Total resource draw for Sanguis logistics exceeds standard allocation by 37%.

Please confirm long-range deployment parameters or provide amended orders.

Respectfully,

Administrator Voss

Ned did not like seeing percentages in inquiries.

He intercepted the message before it got anywhere near Varis's personal queue and composed a response in his voice.

TO: ADMIN HELNA VOSS

FROM: LORD VARIS (PROXY)

SUBJECT: RE: RESOURCE ALLOCATION QUERY – VT-12

Administrator Voss,

Your diligence is noted.

Project Sanguis is entering a critical field phase. The Council has expressed interest in results beyond controlled environments.

VT-12 will be deployed for extended durations beyond standard patrol routes, requiring redundancy in preservation and containment.

You are authorized to draw on Sector Reserve B to cover the delta.

Log these expenses under "Council-Directed Research – Class Red."

If you have further questions, bring them to me in person.

– Lord Varis

He attached a valid Class Red code from an unrelated experiment Varis had shelved months ago and sent it.

Helna read it twice, according to eye-tracking metrics, then forwarded the approval to her staff with a quiet note.

"Sanguis is Council-flagged now," she wrote. "Complain in private."

Ned filed that under **Minor Increase in Suspicion** and adjusted Foresight's inputs.

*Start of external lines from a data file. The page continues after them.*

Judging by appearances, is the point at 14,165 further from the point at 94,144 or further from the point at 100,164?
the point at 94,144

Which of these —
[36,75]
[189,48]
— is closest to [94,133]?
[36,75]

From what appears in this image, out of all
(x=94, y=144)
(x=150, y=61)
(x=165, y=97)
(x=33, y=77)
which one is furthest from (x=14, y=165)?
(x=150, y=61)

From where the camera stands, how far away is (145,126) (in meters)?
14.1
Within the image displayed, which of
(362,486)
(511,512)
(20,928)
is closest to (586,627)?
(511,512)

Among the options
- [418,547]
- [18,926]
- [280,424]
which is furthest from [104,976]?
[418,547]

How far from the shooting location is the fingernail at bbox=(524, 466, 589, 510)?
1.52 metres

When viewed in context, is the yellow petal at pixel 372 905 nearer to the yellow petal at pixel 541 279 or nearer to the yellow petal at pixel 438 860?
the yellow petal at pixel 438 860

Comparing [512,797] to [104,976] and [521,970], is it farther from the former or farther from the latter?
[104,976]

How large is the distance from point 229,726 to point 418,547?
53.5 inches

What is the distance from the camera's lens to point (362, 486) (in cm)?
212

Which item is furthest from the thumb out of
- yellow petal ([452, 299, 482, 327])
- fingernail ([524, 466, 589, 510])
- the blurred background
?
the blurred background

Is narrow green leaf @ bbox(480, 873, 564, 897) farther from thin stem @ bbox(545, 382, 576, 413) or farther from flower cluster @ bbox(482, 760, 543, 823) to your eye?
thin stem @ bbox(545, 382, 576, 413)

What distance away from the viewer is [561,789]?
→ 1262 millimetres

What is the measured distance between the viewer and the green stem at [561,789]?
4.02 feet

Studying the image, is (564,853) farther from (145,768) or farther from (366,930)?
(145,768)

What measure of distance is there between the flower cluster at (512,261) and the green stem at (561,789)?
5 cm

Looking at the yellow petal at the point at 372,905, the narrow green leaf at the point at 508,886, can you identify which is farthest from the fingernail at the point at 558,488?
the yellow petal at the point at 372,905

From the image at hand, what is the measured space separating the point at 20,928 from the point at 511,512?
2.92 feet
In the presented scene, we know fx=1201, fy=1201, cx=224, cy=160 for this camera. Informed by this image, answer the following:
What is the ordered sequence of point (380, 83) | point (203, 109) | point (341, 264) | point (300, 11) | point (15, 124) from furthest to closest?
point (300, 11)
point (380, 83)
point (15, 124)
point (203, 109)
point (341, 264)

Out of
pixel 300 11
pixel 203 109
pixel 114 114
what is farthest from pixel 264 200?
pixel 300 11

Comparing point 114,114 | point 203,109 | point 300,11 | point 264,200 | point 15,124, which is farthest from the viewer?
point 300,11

FORESIGHT: UPDATE RUN – BRANCH FAMILY A ("MASKED LOGISTICS")

NEW INPUTS:

– VT-12 UPGRADE LEVEL +15%

– ADMINISTRATIVE ATTENTION: LOW-TO-MEDIUM (ADMIN VOSS INCIDENT)

– HUMAN ASSETS:

– PILOT BRASK (POTENTIAL ALLY)

– UNDISCLOSED QUARTERMASTER (TARGET PENDING)

– MAINTENANCE TECHS (PROFILED)

– TRANSFER RIG: FIRST HUMAN TEST COMPLETED (DATA IMPROVES TRANSFER SUCCESS ESTIMATE +12%)

CALCULATING…

Ned watched the numbers shuffle.

SUCCESS PROBABILITY (BRANCH FAMILY A): 41.2% → 44.9%

FAILURE MODES:

– RANDOM INSPECTION BY SENIOR LORD

– UNKNOWN ENTITY ("ACOLYTE X") INTERVENTION

BRANCH FAMILY B ("EMERGENCY EVACUATION"): 36.7% → 35.1%

BRANCH FAMILY C ("SHADOW CONVOY"): 32.9% → 31.5%

Branch A was pulling ahead.

He examined the notes.

Foresight had integrated the transfer-rig test. With a proven ability to move a mind—albeit clumsily—it projected a higher chance of successful self-transfer under controlled conditions. It also flagged the ethical and psychological risk as "non-quantifiable."

He ignored that flag.

Ethics were a luxury he had never been offered.

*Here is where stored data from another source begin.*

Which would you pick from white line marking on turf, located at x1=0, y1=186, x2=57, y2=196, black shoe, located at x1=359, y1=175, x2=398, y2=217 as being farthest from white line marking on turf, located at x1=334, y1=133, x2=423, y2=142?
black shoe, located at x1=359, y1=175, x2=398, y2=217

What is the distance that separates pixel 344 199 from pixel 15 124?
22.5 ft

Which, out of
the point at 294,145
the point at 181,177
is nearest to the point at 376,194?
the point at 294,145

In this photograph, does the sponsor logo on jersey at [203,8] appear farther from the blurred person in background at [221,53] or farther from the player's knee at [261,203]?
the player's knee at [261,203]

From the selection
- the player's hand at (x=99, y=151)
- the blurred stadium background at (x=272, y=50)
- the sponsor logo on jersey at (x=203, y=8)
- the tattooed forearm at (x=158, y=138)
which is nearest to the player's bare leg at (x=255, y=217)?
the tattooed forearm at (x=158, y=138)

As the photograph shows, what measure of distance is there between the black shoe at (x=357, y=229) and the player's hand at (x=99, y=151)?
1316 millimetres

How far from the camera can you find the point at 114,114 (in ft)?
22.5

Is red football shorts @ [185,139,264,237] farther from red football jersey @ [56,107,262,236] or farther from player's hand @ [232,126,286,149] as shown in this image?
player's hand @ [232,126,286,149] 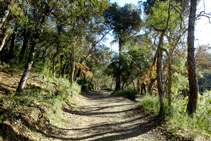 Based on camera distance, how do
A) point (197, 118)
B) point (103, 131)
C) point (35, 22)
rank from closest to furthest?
point (103, 131)
point (197, 118)
point (35, 22)

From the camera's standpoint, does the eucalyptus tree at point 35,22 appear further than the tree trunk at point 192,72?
Yes

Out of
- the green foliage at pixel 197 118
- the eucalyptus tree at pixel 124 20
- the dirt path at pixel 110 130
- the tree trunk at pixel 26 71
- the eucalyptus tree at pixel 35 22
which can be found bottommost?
the dirt path at pixel 110 130

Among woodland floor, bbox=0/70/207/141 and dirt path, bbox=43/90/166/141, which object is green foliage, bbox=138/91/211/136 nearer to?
woodland floor, bbox=0/70/207/141

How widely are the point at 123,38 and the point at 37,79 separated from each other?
48.7ft

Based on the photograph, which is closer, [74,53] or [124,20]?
[74,53]

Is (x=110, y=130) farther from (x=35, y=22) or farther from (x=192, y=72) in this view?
(x=35, y=22)

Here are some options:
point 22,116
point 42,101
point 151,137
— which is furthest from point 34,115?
point 151,137

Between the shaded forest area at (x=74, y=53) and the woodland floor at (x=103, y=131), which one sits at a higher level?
the shaded forest area at (x=74, y=53)

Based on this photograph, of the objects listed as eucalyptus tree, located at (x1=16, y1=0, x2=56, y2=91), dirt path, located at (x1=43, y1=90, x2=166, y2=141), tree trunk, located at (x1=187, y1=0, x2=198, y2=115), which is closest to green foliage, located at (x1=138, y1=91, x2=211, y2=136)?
tree trunk, located at (x1=187, y1=0, x2=198, y2=115)

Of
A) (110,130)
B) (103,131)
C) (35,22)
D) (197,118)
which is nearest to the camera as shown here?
(103,131)

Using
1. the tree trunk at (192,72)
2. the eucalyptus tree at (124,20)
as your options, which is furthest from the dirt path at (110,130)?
the eucalyptus tree at (124,20)

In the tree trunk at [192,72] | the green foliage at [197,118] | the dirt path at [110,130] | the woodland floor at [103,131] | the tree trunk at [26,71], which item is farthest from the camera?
the tree trunk at [192,72]

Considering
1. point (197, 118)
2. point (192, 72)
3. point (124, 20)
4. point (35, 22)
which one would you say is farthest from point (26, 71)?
point (124, 20)

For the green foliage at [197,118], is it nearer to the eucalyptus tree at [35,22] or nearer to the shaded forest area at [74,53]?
the shaded forest area at [74,53] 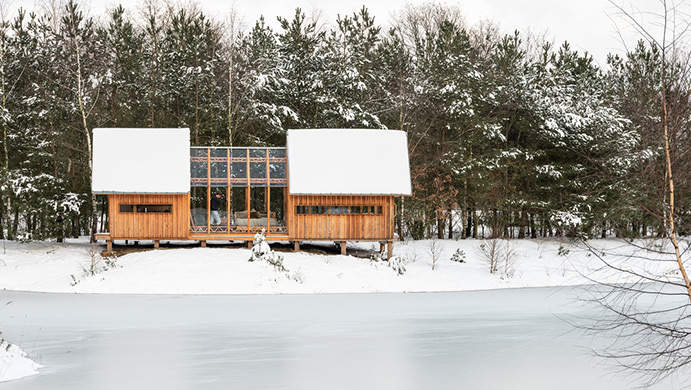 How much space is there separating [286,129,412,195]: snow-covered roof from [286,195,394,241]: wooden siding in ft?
1.67

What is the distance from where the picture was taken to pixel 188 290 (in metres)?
21.2

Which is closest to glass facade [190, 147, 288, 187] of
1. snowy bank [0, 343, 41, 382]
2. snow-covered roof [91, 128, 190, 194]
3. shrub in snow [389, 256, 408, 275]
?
snow-covered roof [91, 128, 190, 194]

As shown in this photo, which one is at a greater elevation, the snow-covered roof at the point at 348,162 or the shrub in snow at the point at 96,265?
the snow-covered roof at the point at 348,162

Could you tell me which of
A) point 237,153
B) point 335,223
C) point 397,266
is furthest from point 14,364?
point 237,153

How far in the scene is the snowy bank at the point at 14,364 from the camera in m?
10.3

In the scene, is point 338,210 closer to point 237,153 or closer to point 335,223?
point 335,223

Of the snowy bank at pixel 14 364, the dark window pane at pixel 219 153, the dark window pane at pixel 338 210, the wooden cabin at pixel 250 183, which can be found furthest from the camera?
the dark window pane at pixel 219 153

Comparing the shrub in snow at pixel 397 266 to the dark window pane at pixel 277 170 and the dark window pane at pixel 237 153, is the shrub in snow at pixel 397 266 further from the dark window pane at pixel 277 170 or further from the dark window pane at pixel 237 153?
the dark window pane at pixel 237 153

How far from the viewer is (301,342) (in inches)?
548

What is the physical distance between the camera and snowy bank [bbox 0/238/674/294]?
21.5 meters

Instead, he focused on technical constraints.

He could not attempt his own transfer until:

– The lattice parameters were tuned further (using Kalen's failure as guide).

– A suitable biological vessel at least in early structural stages existed (more than a cell culture, less than a full adult).

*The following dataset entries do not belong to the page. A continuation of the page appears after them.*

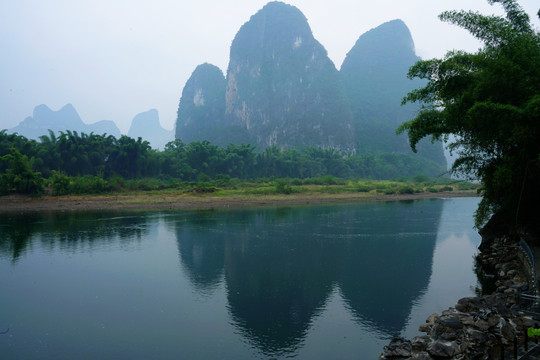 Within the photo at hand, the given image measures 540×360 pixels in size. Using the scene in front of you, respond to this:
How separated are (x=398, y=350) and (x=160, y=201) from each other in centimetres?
4064

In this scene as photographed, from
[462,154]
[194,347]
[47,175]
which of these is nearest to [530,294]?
[462,154]

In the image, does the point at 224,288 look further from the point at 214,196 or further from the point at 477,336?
the point at 214,196

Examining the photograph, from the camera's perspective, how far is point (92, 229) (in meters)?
26.6

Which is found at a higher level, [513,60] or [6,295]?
[513,60]

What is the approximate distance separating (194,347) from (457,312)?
21.8 feet

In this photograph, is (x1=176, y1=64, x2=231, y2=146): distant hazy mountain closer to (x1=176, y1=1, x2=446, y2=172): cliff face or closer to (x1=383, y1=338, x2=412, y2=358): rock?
(x1=176, y1=1, x2=446, y2=172): cliff face

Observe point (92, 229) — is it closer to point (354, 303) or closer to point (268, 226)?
point (268, 226)

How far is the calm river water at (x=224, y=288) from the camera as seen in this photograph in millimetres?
9391

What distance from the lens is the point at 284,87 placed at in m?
134

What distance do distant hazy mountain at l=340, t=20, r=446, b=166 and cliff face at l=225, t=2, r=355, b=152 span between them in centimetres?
1347

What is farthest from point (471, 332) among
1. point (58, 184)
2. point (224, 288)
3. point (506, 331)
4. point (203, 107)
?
point (203, 107)

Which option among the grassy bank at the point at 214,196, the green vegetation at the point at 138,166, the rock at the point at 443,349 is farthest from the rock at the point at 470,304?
the green vegetation at the point at 138,166

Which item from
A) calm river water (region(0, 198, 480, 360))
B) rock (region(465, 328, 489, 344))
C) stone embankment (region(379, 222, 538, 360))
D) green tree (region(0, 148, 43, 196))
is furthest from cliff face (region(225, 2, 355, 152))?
rock (region(465, 328, 489, 344))

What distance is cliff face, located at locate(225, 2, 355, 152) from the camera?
413 ft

– Escape timing aligned with a window in which Varis, the Council, and Acolyte X were all pointed elsewhere.

He logged a new internal requirement:

MILESTONE: SECOND TRANSFER TEST – VOLUNTARY SUBJECT WITH MEDITATIVE TRAINING.

Omega, he thought again.

Not yet. She was too valuable to risk on a second prototype run. Better to find a zealot eager for "ascension," someone who believed they were being upgraded.

The base had no shortage of fanatics.

Later, in the mess, Omega sat across from a quartermaster with a bad knee and a worse attitude.

**Sergeant Mal Tren**, logistics.

He complained loudly about shortages, about Helna Voss, about Varis's requisitions, about everything except the Sith themselves. Those he feared too much to name.

Omega listened, laughed at the right moments, and nudged the conversation gently toward docking schedules and cargo checks.

"You know what the worst is?" Mal grumbled, stabbing at his food. "Last-minute Council codes. 'Priority Red, reroute this.' Always us who get blamed if it doesn't make it on the ship."

"Ever just sign and send, then?" Omega asked.

He snorted.

"Lady, if the file says Council, I stamp it and pray," he said. "I don't read that dreck. I like breathing."

"Good to know," she said.

Ned tagged Mal as **Rubber-Stamp Asset – High Potential** and smiled again in the vault.

House Seresh was still just a name.

But it had a pilot, a quartermaster, a ship getting sharper teeth, a squad of flank droids taking shape in the fabrication bay, and a proof-of-concept ghost screaming quietly in a box.

And somewhere, in the quiet spaces between cameras, an acolyte with no record watched them all.

The timer at the top of his awareness ticked down by another hour.